Giraldi describes his home as: ‘not just unliterary but nonliterary, one in which poems and plays were considered ravingly femme.’ So ‘I was a weakling always with a book in my hand, an unmasculine and romantically vulnerable softie’.

But then he turns things around. He goes to see Uncle Tony. Tony is in the basement, lifting weights. Giraldi takes a turn. Something happens. He sees a way forward. He keeps lifting. One day, he’s pumping ‘25 pounders’ with no problem. But that, says Tony, is precisely the problem. Giraldi says the weights feel ‘pretty good’. Tony says: ‘We ain’t down here to feel pretty good. We’re down here to feel pain.’

Giraldi gets it. ‘Soreness,’ he writes, ‘was the goal.’ He pumps harder. He begins to feel some kind of transcendent elation. Like Arnold Schwarzenegger, he sees how pumping iron can give you a sort of orgasm. He bulks out — ‘an engorging I could feel in bed with me as I slept.’

He’s 16. One day he finds himself walking ‘shirtless, to a convenience store’, when he bumps into a girl he’s fancied for ages. This is the first time she’s seen his new, masculine body. ‘Whoa,’ she says. And what happens after that? ‘A week later, she’d let me inside her bedroom, that pink and perfumed cave of happiness.’

He doesn’t stop there. In fact, he doesn’t stop for years. Does his father cheer him on? No, Bill is too masculine for that. But Giraldi has found a cause. He enters bodybuilding contests. He becomes obsessed with his body.
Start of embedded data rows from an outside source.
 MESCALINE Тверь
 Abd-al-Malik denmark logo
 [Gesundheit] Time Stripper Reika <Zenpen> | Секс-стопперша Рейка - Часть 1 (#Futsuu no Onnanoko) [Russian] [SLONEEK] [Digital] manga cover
He trains and pumps. He achieves soreness. He takes steroids. Every time he trains, he seeks to damage his muscle fibres so they’ll grow back stronger.

In his twenties, he looks like a man — sort of. But here’s the thing. ‘Despite the skirt-chasing,’ he says, what he and his buddies wanted was ‘the attention and affection of other elite men.’ And how were they achieving this?

We, the ultra-masculine, had transformed into stereotypical females in order to do it. We shaved and tanned ourselves, wore tiny clothes, were food-obsessed, weight-obsessed, always standing on scales.

I keep reading books on masculinity, and what the author usually says is that a lot of masculine culture is learned behaviour —nurture rather than nature. Well, maybe so. But it feels like there’s a lot of nature here underneath all the nurture. Something unprocessed and primal. That’s what I mean when I say it’s raw.

It’s also immensely sad. Giraldi tells us about his father’s love of motorcycling, and about the ‘transference of erotic energies into road racing’. Bill Giraldi’s bike is ‘a paramour that would not jilt him’. And then a tragedy happens, and Bill is gone, and Pop is stunned, and Uncle Tony is bent over, weeping. At the funeral, William gives the eulogy. He talks about death and rebirth. Later, someone says: ‘He’s a man. To stand there, to say those things. He’s a man.’